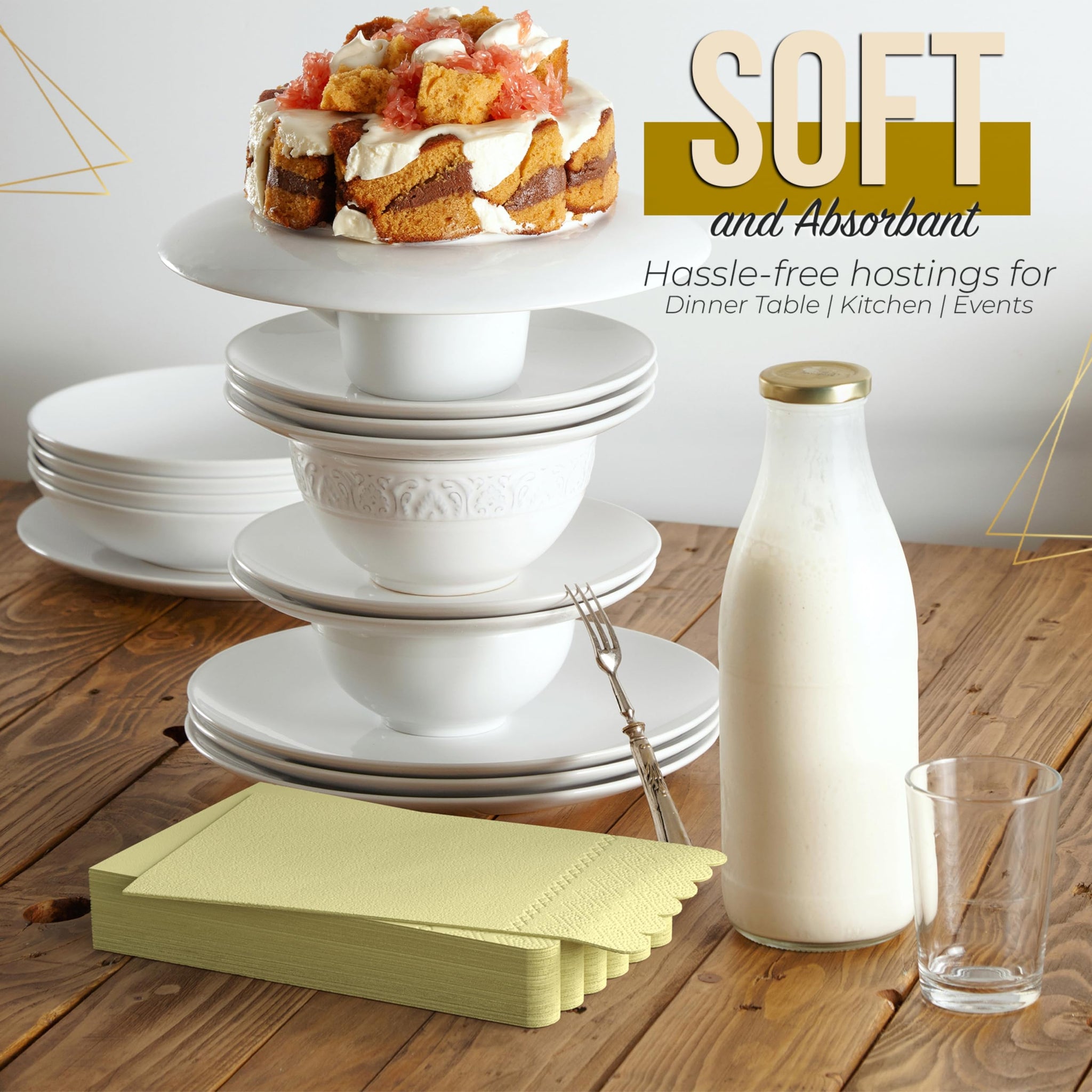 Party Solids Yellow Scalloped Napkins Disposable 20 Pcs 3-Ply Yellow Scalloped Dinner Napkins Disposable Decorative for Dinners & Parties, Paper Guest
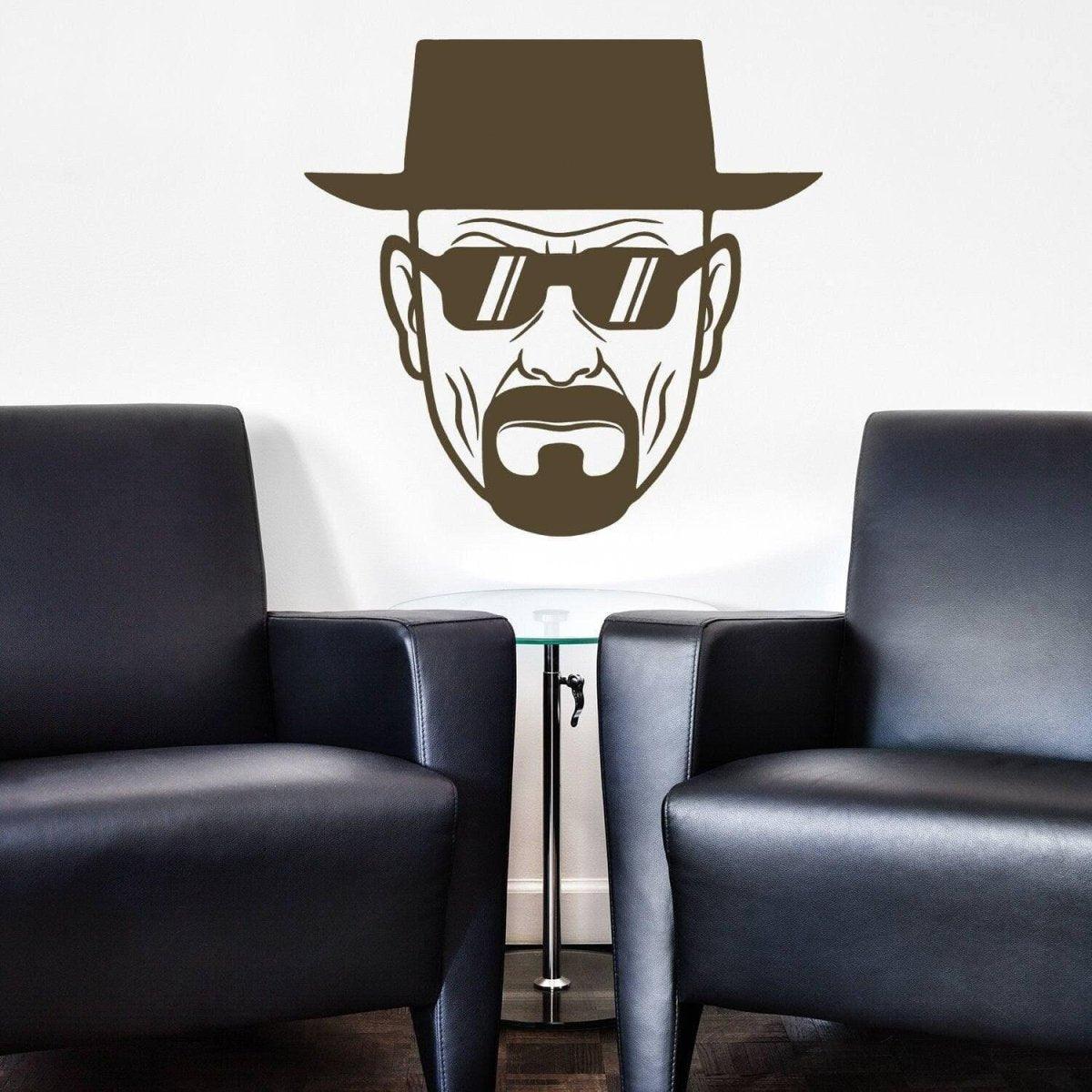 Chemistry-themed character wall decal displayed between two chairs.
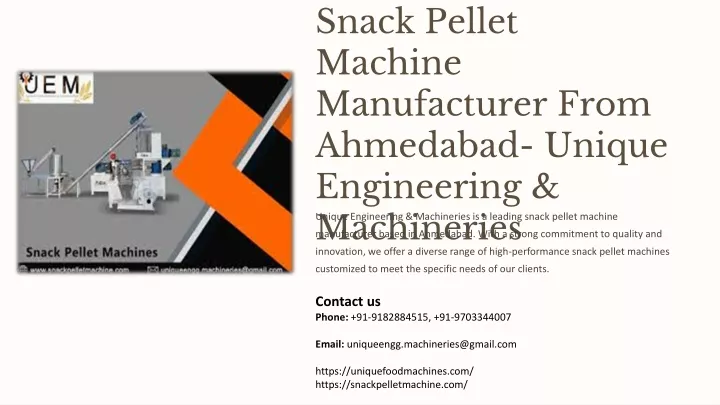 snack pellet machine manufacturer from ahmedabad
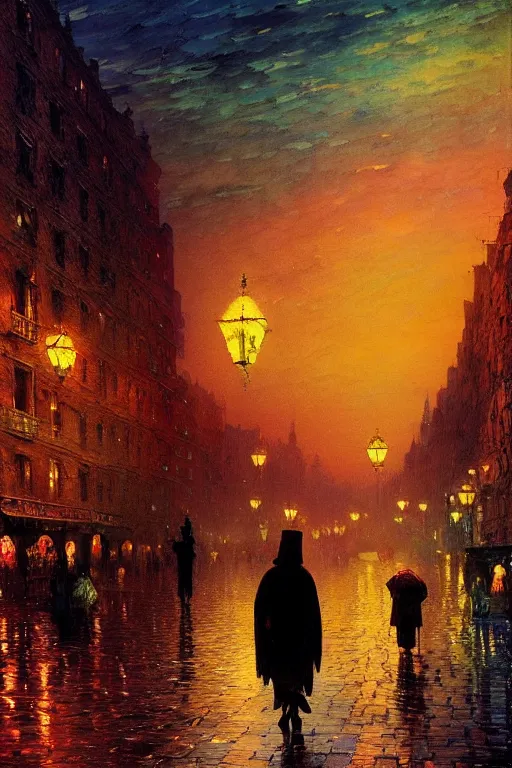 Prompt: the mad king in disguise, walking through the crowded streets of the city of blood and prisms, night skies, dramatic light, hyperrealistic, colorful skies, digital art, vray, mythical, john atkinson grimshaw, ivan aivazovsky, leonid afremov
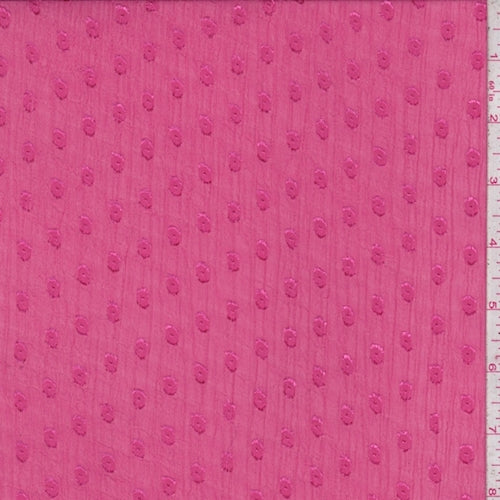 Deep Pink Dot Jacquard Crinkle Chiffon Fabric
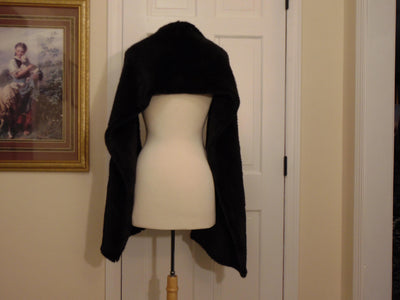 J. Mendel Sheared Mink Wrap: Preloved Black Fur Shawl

**Exercise goal:** Output every entry above verbatim, but leave out the pictures.

**Final answer:**
 Party Solids Yellow Scalloped Napkins Disposable 20 Pcs 3-Ply Yellow Scalloped Dinner Napkins Disposable Decorative for Dinners & Parties, Paper Guest
 Chemistry-themed character wall decal displayed between two chairs.
 snack pellet machine manufacturer from ahmedabad
 Prompt: the mad king in disguise, walking through the crowded streets of the city of blood and prisms, night skies, dramatic light, hyperrealistic, colorful skies, digital art, vray, mythical, john atkinson grimshaw, ivan aivazovsky, leonid afremov
 Deep Pink Dot Jacquard Crinkle Chiffon Fabric
 J. Mendel Sheared Mink Wrap: Preloved Black Fur Shawl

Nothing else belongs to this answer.